We want to normalise disability. OK, that's how the country is going to look... Most of the people here at the centre shouldn't be alive. The fact that they are is a miracle in itself... We truly believe that you can be empowered by trauma. The trauma can ruin you or it can build your superpower"

- Olga Rudnieva.

For this, Superhumans Team raised funds to help set up the Superhumans Center in Lviv - to help the wounded with prosthetic limbs and provide them with all the rehabilitation treatment they would need. The centre opened in April 2023 and is described as "a clinic for psychological assistance, prosthetics, reconstructive surgery and rehabilitation for people affected by the war".

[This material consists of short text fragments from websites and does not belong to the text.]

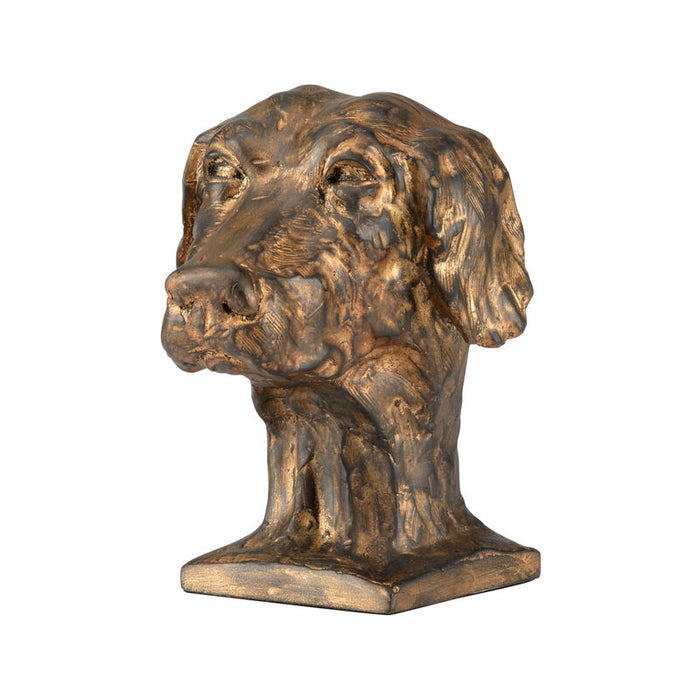 A decorative dog sculpture with an antique gold and bronze finish.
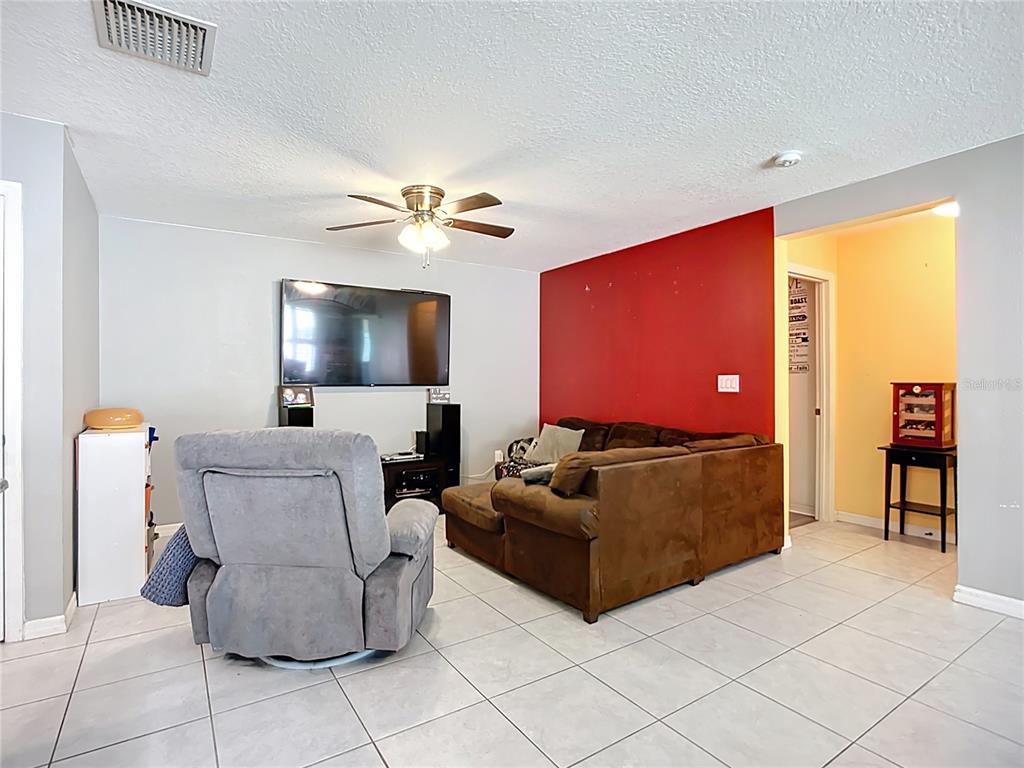 7707 Sunshine Bridge Avenue Gibsonton, FL 33534 - Photo 13 of 33 a living room with furniture and a flat screen tv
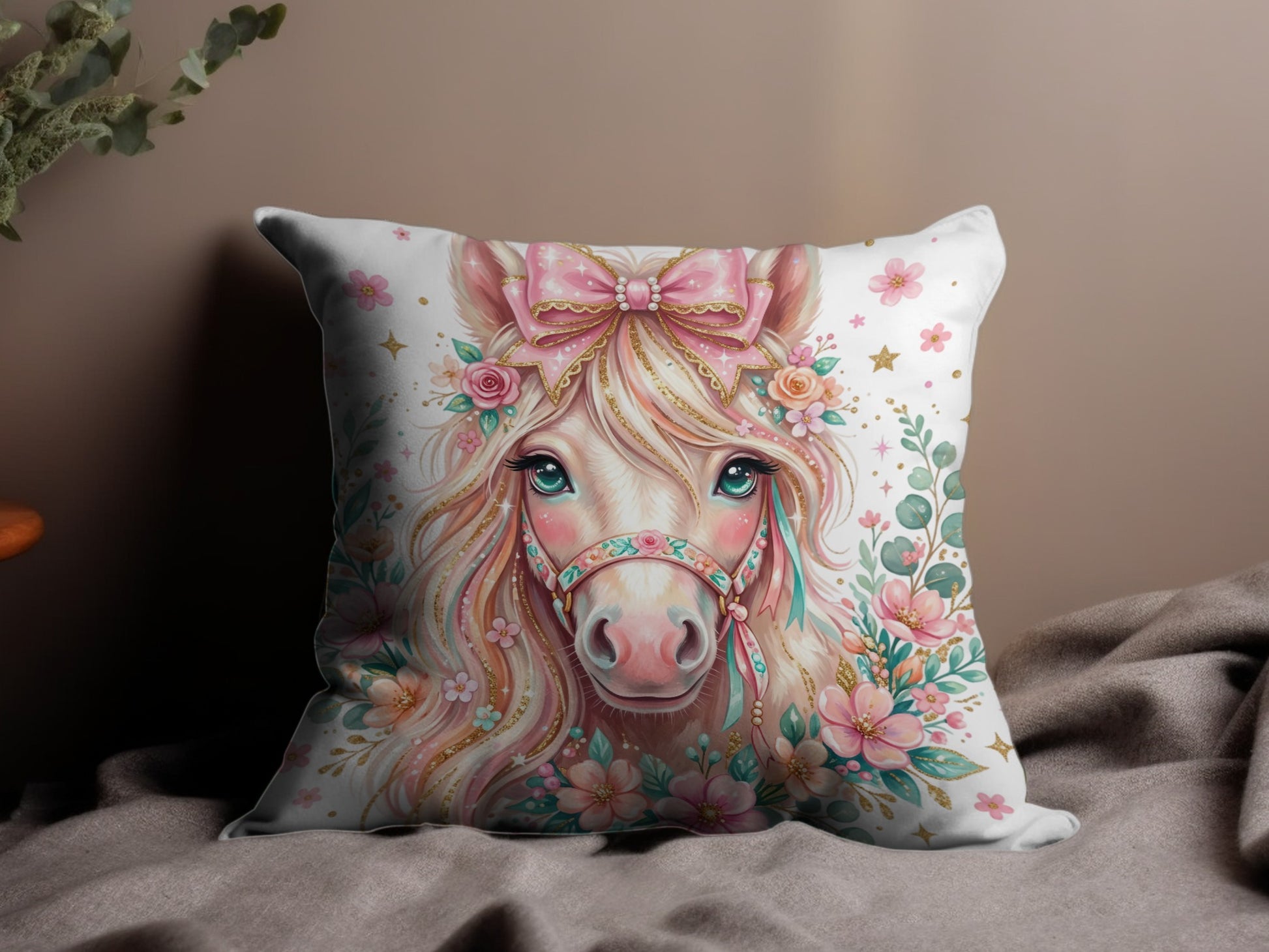 Pillow with a pink unicorn adorned with flowers and a bow.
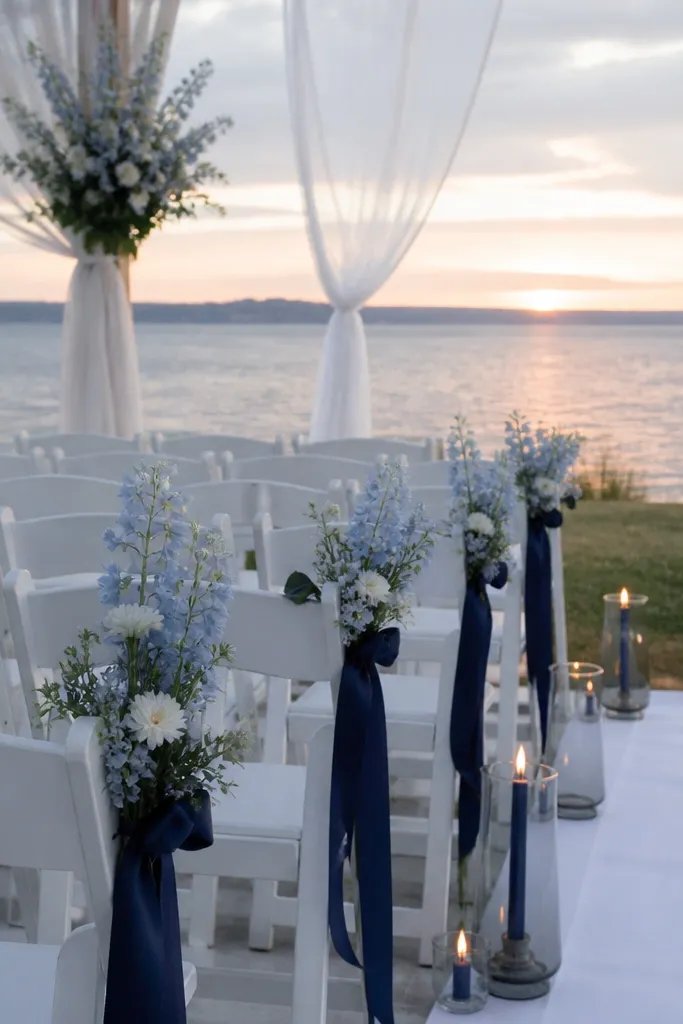 White linens with navy napkins, soft blue florals, and navy ribbon on menus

In its first two years, the centre has treated over 1,000 patients and acts as supplemental medical service to help Ukraine's overwhelmed medical centres and hospitals along the 3,200km of front line. Those treated include both military and civilian, adults and children. Many of the injuries are from landmines and explosives so the first step for a patient at the centre is a meeting with a psychologist. Infection control is also a challenge with patients often arriving with a number of infections after being in up to 6-7 different hospitals during their evacuation. "There are many challenges, but none are insoluble", says Rudnieva.

The second Superhumans Center opened in Dnipro, and a third center is planned in Odesa for 2026.

Rudnieva's philosophy that injuries can be empowering, has found many celebrity supporters including adventurer Bear Grylls, Richard Branson, singer Sting and actress Trudie Styler.